Aim of the exercise: All of the data should be given again word for word, though the images are to be left out.

Raw data:

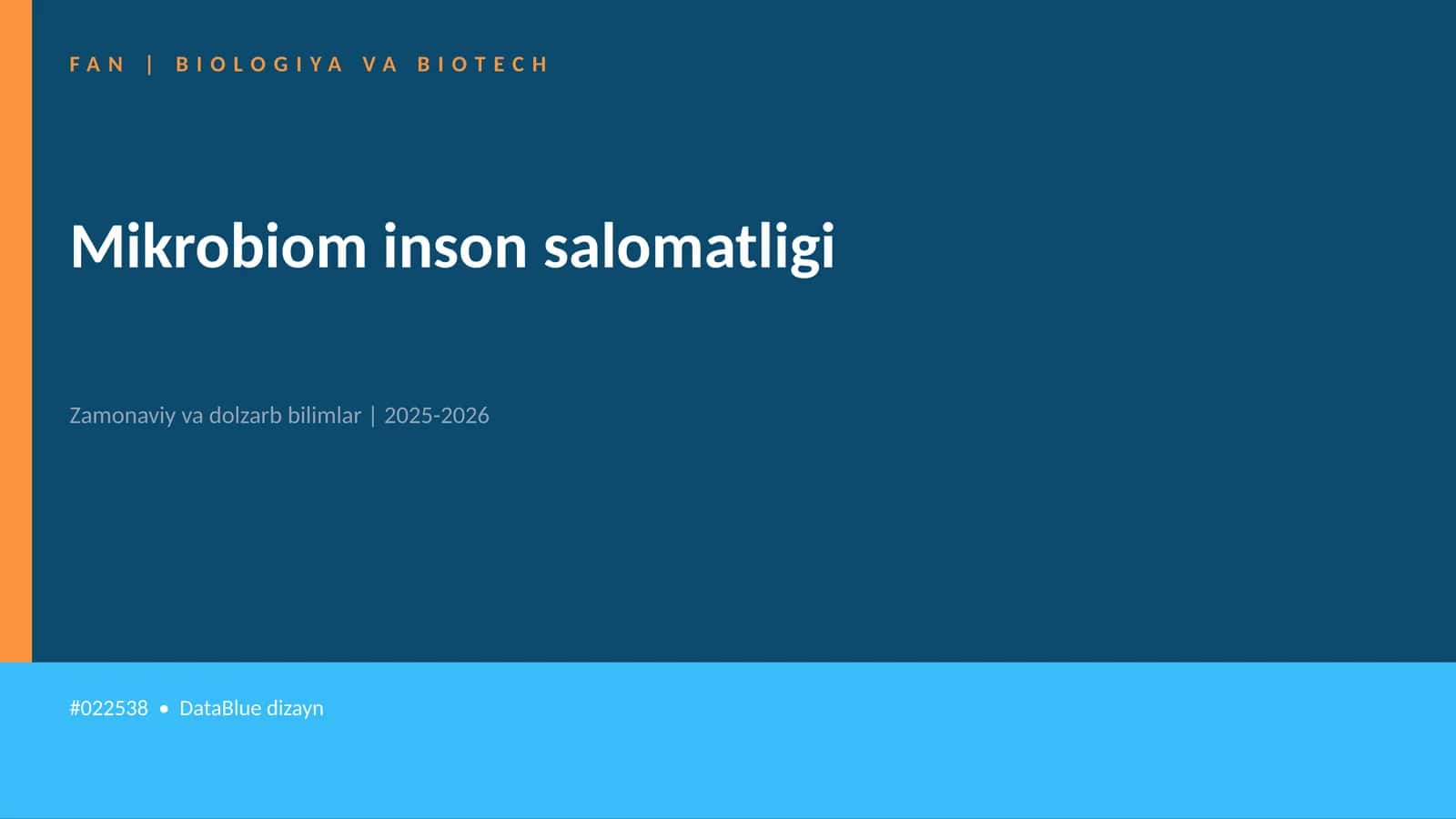 Mikrobiom inson salomatligi 1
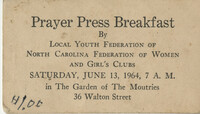 Ticket to Prayer Press Breakfast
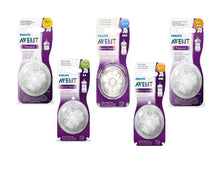 Load image into Gallery viewer, Philips AVENT Natural Response Baby Bottle Nipples All sizes 2 pcs
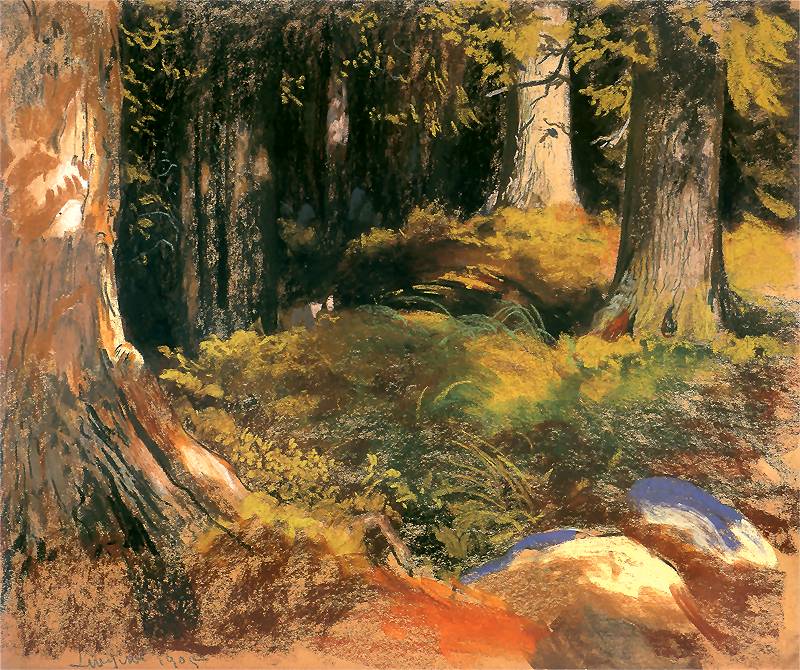 Forest in Zakopane by Leon Jan Wyczolkowski,A3(16x12")Poster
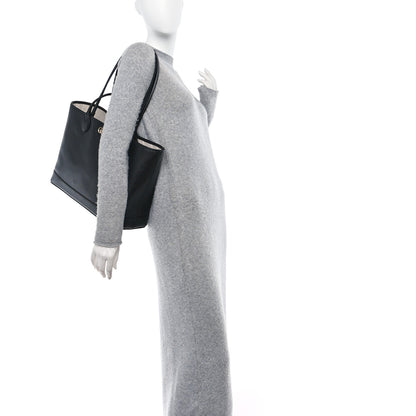 Gucci Textured Dollar Calfskin Medium Ophidia Shoulder Tote Bag Black 2 of 10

Response to this task:
 Mikrobiom inson salomatligi 1
 Ticket to Prayer Press Breakfast
 Load image into Gallery viewer, Philips AVENT Natural Response Baby Bottle Nipples All sizes 2 pcs
 Forest in Zakopane by Leon Jan Wyczolkowski,A3(16x12")Poster
 Gucci Textured Dollar Calfskin Medium Ophidia Shoulder Tote Bag Black 2 of 10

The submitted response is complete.